The draught house will offer food and no drink limits in addition to the tasting room

By Maggie Dresser
SunRift Beer Company is expanding its operations into an adjacent building by the railroad tracks in downtown Kalispell, as seen on Oct. 11. Remodeling of the new space will be completed sometime next year. Hunter D’Antuono | Flathead Beacon

Within the next year, microbrew drinkers at SunRift Beer Company will have additional seating, a restaurant, extended hours and no drink limit in downtown Kalispell.

SunRift Beer Company is currently revamping a 100-year old building, which sits adjacent to the already operating tasting room, and transforming it into an industrial-style draught house restaurant.

The draught house will serve smoked meat, tacos and nachos and offer unlimited brews, even past 8 p.m. SunRift beer will come from the tasting room right next door.

With the new restaurant, owner and head brewer Craig Koontz says the draught house will be able to stay open later without drink limits because it won’t be considered a “tasting room.” The existing tasting room and new restaurant will have separate licenses, as required under state law, with the brewery technically selling its beer to the restaurant.

“If you can’t beat them, you join them,” Koontz said.

While Koontz says the opening date for SunRift Draught House is uncertain at this point, it should be up and running within the next year.

Koontz tentatively plans on having kitchen hours from 11 a.m. to 11 p.m. and switching to a late-night menu at 9 p.m.

“We’d like to create an urban environment and have a little nightlife,” he said. “It’d be nice to have some of the nightlife come back to Kalispell and not all of it go to Whitefish.”

While SunRift currently hosts live music on Monday nights, Koontz plans to build a stage across the parking lot, and a front porch patio with a 100-person capacity will overlook the stage.

The sun-lit back patio on the south side of the building will sit alongside the future pedestrian and bike path established through the Kalispell core and rail development project. Kalispell is scheduled to tear out the railroad tracks in September 2020 and replace them with a recreational path through town.

Koontz’s decision to establish SunRift in this location wasn’t coincidental. In the future, locals will be able to walk or bike to the brewery and overlook the path while sitting on the back patio.

The back patio will be the final phase of the project, and Koontz will complete the south side of the building once the tracks are torn out. In addition to the back patio, the south side will also have windows connecting the patio to the indoor, 40-foot-long bar, allowing customers to order from outside.

As Tamarack Brewery’s former head brewer, Koontz is no stranger to creating craft beer.
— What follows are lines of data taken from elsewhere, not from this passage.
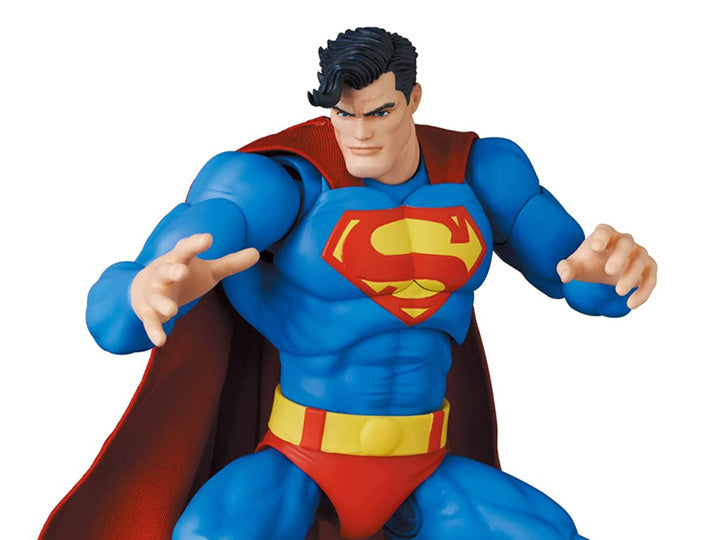 Mafex superman on sale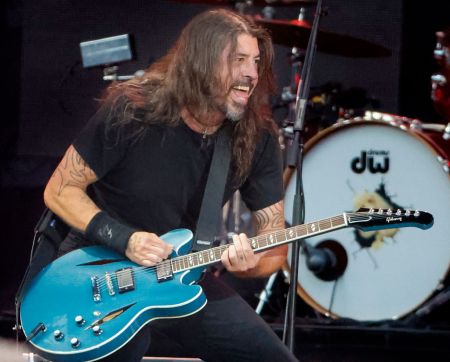 Dave Grohl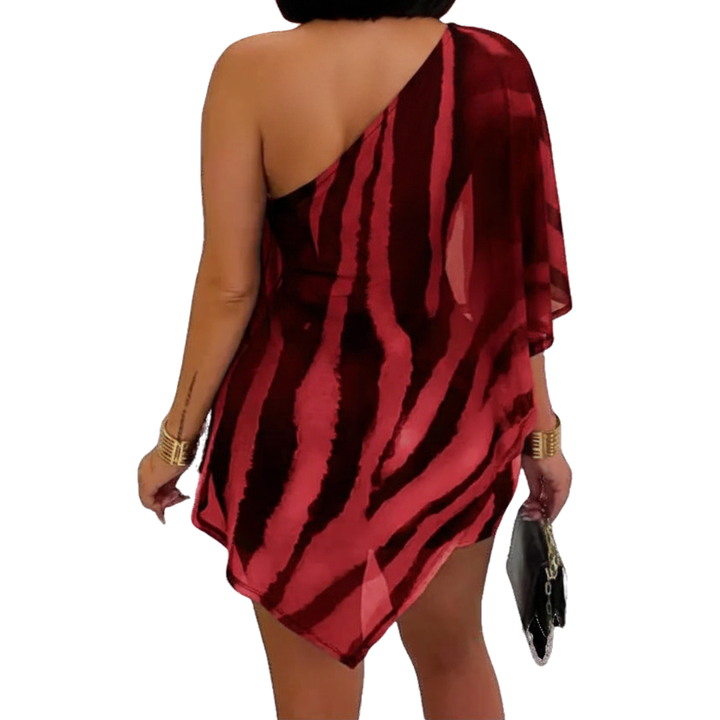 DEXTRA™ – Bold Animal Print Two-Piece Set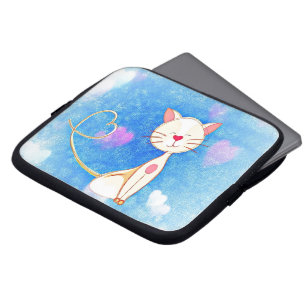 Niedliche Liebe Laptopschutzhülle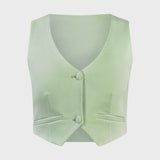 GILET CROPPED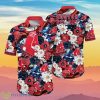 Boston Red Sox MLB Hawaiian Shirt 4th Of July Independence Day Best Gift For Real Fans Product Photo 1
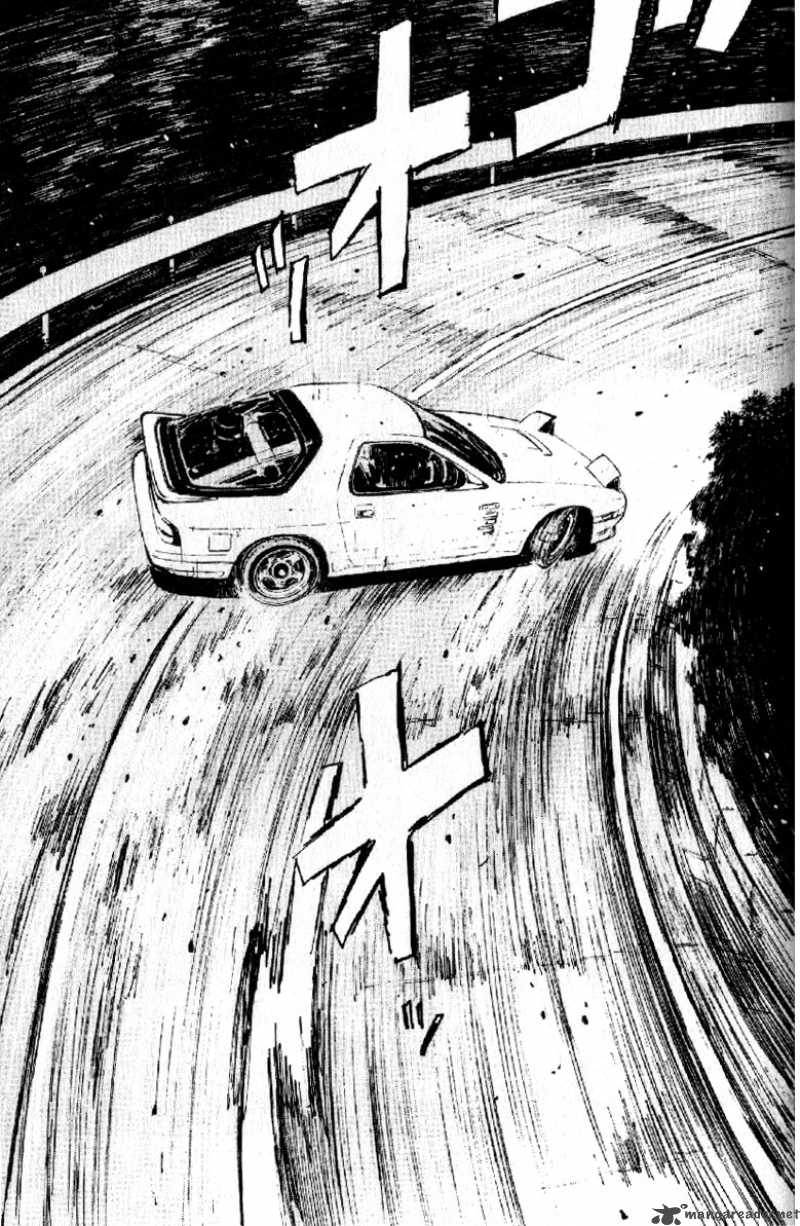 Initial D 9 12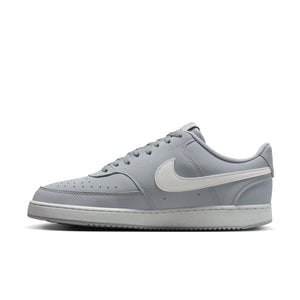 Nike Court Vision Low 'Wolf Grey Summit White'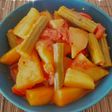 Drumstick Potato Curry 😋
Following his departure from Tamarack in 2012, he brewed in Alaska, Arizona and Seattle until he returned to the Flathead in 2017 with his wife, Megan, who co-owns SunRift.

Koontz has incorporated themes from other breweries while focusing on space utilization with a functional railing, which surrounds the patios.

“It’s not just a fence; it’s a space to set a mug,” Koontz said.

Total capacity in the 2,500-square-foot draught house will be 260, and Koontz uses every inch of space for customers to sit, stand next to a railing or dance in the parking lot during live shows.

The current SunRift brewery won’t see any changes with the new draught house and will remain the same size with the same hours.

While SunRift expands on the property, Koontz says he has no intentions of canning or distributing SunRift beer in the future.

“This is the only place you’re going to get SunRift beer,” he said. “We’re one of the smallest breweries in the valley and we intend to stay that way.”